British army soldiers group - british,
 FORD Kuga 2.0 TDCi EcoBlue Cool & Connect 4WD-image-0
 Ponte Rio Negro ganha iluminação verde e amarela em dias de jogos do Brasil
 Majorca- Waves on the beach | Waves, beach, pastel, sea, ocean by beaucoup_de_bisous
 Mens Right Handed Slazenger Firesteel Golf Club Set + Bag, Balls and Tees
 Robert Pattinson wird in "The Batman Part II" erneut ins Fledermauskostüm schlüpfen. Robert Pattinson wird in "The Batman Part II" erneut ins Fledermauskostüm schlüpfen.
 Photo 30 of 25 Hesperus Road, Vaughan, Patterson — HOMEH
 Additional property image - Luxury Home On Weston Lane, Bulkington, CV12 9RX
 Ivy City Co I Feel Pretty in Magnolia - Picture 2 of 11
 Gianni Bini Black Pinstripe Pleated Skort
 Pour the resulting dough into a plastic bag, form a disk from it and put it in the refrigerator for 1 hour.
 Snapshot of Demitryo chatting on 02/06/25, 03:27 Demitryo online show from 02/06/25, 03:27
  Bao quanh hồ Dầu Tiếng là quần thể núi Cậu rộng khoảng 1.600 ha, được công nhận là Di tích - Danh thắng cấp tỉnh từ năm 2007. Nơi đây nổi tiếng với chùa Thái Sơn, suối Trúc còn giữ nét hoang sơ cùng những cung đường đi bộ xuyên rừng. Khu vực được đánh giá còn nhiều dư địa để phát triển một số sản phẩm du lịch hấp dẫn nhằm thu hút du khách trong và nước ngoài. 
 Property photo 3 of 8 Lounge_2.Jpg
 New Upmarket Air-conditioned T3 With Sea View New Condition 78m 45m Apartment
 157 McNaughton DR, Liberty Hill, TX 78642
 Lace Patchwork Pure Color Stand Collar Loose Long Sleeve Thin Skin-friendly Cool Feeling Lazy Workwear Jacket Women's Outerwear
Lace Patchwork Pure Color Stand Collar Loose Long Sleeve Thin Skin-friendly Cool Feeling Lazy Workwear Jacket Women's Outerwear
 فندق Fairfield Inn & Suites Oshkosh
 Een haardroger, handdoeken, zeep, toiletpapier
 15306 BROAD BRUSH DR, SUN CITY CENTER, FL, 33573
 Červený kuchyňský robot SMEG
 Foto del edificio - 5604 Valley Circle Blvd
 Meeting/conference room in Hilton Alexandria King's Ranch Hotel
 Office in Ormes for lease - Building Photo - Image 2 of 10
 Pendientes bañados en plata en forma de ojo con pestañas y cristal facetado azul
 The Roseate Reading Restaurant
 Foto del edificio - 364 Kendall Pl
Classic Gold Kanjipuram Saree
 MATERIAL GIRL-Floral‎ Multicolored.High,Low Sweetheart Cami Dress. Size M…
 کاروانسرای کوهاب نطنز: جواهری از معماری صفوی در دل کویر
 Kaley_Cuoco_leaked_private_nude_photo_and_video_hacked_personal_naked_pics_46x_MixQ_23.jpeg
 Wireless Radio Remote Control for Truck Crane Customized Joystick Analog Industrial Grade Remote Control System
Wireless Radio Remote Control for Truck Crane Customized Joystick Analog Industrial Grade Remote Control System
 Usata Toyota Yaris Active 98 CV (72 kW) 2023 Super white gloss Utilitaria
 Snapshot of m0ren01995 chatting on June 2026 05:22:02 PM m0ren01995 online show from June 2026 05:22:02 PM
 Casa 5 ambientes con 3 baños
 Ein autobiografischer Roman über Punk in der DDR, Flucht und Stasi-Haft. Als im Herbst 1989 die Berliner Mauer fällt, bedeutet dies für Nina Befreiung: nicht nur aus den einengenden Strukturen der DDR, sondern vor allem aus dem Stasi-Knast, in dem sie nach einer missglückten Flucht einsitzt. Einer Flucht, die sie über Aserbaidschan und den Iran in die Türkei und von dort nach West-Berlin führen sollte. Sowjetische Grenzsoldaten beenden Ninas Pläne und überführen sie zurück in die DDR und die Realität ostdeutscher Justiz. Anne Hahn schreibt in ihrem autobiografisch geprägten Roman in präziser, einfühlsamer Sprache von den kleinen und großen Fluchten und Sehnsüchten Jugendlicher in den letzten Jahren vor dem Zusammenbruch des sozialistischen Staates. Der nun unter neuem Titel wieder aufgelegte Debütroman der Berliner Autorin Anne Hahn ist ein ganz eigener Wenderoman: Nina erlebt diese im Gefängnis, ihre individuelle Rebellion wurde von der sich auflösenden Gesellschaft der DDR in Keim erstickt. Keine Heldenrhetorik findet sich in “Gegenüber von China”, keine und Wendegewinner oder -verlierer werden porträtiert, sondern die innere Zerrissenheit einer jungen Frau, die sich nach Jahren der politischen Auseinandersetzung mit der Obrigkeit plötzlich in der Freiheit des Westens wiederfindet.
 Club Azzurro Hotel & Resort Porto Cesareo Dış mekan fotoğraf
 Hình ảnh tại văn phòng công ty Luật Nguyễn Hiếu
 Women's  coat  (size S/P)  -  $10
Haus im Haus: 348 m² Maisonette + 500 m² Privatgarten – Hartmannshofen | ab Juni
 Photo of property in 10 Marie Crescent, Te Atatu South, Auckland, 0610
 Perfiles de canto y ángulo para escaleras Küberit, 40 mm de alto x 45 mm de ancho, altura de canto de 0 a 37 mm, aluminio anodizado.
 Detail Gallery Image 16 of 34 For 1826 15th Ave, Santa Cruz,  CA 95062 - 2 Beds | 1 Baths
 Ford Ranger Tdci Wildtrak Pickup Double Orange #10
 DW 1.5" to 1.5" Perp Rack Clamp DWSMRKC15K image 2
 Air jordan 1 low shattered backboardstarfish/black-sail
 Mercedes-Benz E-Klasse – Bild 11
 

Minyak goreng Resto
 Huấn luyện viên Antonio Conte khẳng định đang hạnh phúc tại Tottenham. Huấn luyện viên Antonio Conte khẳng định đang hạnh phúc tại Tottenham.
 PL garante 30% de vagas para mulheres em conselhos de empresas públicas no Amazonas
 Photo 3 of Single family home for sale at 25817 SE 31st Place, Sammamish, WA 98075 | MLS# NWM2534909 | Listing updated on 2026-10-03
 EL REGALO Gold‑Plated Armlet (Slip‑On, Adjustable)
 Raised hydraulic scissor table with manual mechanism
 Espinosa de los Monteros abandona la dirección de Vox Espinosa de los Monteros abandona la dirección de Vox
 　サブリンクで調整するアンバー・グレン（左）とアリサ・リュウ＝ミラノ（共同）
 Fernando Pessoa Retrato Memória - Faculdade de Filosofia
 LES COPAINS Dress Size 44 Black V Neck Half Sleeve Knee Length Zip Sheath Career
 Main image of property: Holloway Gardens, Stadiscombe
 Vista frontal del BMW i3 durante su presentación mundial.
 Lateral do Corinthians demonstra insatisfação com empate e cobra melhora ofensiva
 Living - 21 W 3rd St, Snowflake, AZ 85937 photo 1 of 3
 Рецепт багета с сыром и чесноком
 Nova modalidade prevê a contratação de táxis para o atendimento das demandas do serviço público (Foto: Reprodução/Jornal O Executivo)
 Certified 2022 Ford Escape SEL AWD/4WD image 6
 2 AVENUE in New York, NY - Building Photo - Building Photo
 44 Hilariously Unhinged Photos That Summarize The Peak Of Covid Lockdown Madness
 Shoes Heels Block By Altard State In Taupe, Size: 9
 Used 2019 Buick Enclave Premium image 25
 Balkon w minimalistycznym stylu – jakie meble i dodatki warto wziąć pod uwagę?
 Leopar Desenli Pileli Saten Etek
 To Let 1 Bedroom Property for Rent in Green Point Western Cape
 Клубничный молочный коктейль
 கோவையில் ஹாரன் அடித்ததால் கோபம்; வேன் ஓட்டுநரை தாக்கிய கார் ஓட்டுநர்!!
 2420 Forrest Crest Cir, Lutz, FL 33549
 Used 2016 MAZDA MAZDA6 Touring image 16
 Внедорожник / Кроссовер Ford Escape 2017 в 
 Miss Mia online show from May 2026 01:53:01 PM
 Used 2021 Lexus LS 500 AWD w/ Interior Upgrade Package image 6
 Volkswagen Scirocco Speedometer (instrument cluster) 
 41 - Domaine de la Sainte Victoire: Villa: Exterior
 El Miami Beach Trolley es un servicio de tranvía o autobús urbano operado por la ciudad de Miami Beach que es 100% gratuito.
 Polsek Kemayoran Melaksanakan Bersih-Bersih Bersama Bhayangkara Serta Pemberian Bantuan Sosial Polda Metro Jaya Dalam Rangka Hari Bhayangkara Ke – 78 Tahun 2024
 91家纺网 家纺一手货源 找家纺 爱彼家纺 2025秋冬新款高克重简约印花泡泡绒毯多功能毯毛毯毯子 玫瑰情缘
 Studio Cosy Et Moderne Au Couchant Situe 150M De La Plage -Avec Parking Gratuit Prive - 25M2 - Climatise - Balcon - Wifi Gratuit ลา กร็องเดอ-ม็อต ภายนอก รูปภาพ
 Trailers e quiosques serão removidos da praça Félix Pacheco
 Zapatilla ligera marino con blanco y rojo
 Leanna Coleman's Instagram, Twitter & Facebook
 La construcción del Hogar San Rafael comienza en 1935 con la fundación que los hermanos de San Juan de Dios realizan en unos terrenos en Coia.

_____

Task requirements ▸
From the entries above, write out only the lines starting at the line that holds "DWSMRKC15K image 2" and ending at the line that holds "tại Tottenham. Huấn", keeping both and matching them exactly.

Solution for this task ▸
 DW 1.5" to 1.5" Perp Rack Clamp DWSMRKC15K image 2
 Air jordan 1 low shattered backboardstarfish/black-sail
 Mercedes-Benz E-Klasse – Bild 11
 

Minyak goreng Resto
 Huấn luyện viên Antonio Conte khẳng định đang hạnh phúc tại Tottenham. Huấn luyện viên Antonio Conte khẳng định đang hạnh phúc tại Tottenham.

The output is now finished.